Il ne suffit pas de dénoncer. Nous avons l'impérieuse obligation de réfléchir à la place de notre pays dans le monde et en particulier au rôle de la France dans l'espace essentiel qu'est aujourd'hui l'Europe. La France n'est plus la grande puissance du 18 et 19ème siècle. Nous avons du mal à nous faire à cette idée, ce qui rend notre comportement souvent insupportable. Nous pouvons être donneurs de leçons mais avoir aussi une tendance forte à l'auto flagellation. Dans un monde de conflits où l'on peut vérifier la pertinence de l'analyse sur la crise des grands systèmes, nos réactions ne sont pas toujours comprises.

Quand il s'agit de défendre une position juste comme le refus de la guerre en Irak, nous avons raison d'assumer cette difficulté. Cela n'est pas toujours le cas. Ce mélange d'arrogance et de manque de confiance brouille notre image. Prenons un exemple simple, celui du sport. Nous survalorisons nos victoires et bien entendu nos défaites. Nos champions portent une charge de représentation qui pèse lourdement sur leur comportement. L'Angleterre ne fait pas un drame des résultats médiocres lors des derniers championnats du Monde d'athlétisme.

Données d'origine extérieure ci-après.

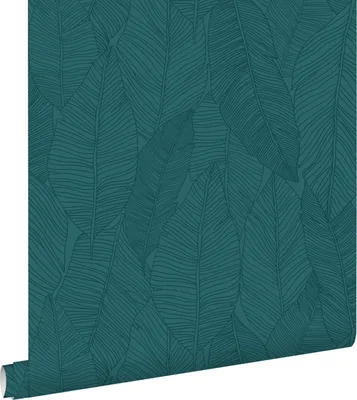 Produktbild von ESTAhome Tapete gezeichnete Blätter Petrolblau 53 cm x 10.05 m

Cette image que nous donnons agace notre pays qui a perdu de son autorité intellectuelle et créatrice, des années 30 et 60. Dans les années 30, tout venait de Paris, il suffit de lire les souvenirs de nombreux écrivains étrangers comme Hemingway. Les années 60 étaient celles d'une innovation permanente du débat : la controverse Sartre Camus, les grands philosophes Foucault, Deleuze, R.Barthes, le nouveau roman avec C.Simon notre dernier prix nobel, bien des noms encore..;

L'impulsion des années 80 de F. Mitterrand est très loin derrière nous. Il est vrai que nous avons vécu le sommet de la non pensée politique avec les Raffarinades et la médiocrité philosophique avec Luc Ferry.

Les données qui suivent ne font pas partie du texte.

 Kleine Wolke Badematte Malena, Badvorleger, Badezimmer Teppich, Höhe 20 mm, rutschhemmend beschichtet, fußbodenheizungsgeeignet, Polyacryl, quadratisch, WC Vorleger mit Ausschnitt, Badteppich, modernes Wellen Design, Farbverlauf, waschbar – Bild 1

Il est de bon ton de jeter le discrédit sur ces années et particulièrement sur "l'esprit de mai". Affirmer sa détestation du "politiquement correct" est à la mode. L'écrivain Houellebecq devient le porte parole de ce courant. Il retrouve une inspiration chez Céline qui redevient à la mode. La tendance moutonnière des médias fait que l'on ne parle que de cela. Il paraîtra 400 romans français à la rentrée, 2 ou 3 pas forcément les meilleurs, vont prendre toute la place.

Ce qui est vrai pour le livre l'est aussi pour l'architecture, où le cinéma. La création architecturale démontre une grande inventivité à Londres et une faiblesse à Paris. Avec l'appui du CNC la production française de films est très dynamique, mais la créativité est pour l'essentiel en Corée, en Afrique, au Moyen Orient. Sauf exception heureuse, regard sur la société n'a que peu de place, l'intimisme remplace le souffle.

Jugement excessif et sévère, très certainement. Mais, l'humeur permet d'avoir un débat. Les sondages récents donnent l'image d'une France démoralisée, perdant sa confiance en l'avenir. Un journal populaire du matin titrait "les Français ont le moral dans les chaussettes". Le retour à la confiance passe par l'affirmation d'un projet, le lien entre l'économique et le social, l'invention de l'Europe. Mais, un pays ne se découpe pas en tranches. La créativité permet de retrouver plaisir et confiance.

L'enjeu est certainement la rénovation démocratique qui ne peut se réduite à la seule dimension des institutions. Le délitement social depuis 3 ans, s'aggrave rapidement. L'objectif de la loi de lutte contre les exclusions est progressivement abandonné. Il faut recréer de l'écoute et du lien social. Cette démarche est indispensable, car, les associations qui jouent un rôle indispensable de médiation s'essoufflent. On en connaît les causes : gel progressif des moyens, mais aussi, non renouvellement des générations d'animateurs.

Dans son dernier livre "multitude" Antoine Négri explore cette nécessité avec un sous-titre "guerre et démocratie à l'âge de l'empire". Dans cette démarche le langage et l'image jouent un rôle déterminent. L'utopie créatrice demeure le levier essentiel pour lutter contre cette angoisse du lendemain.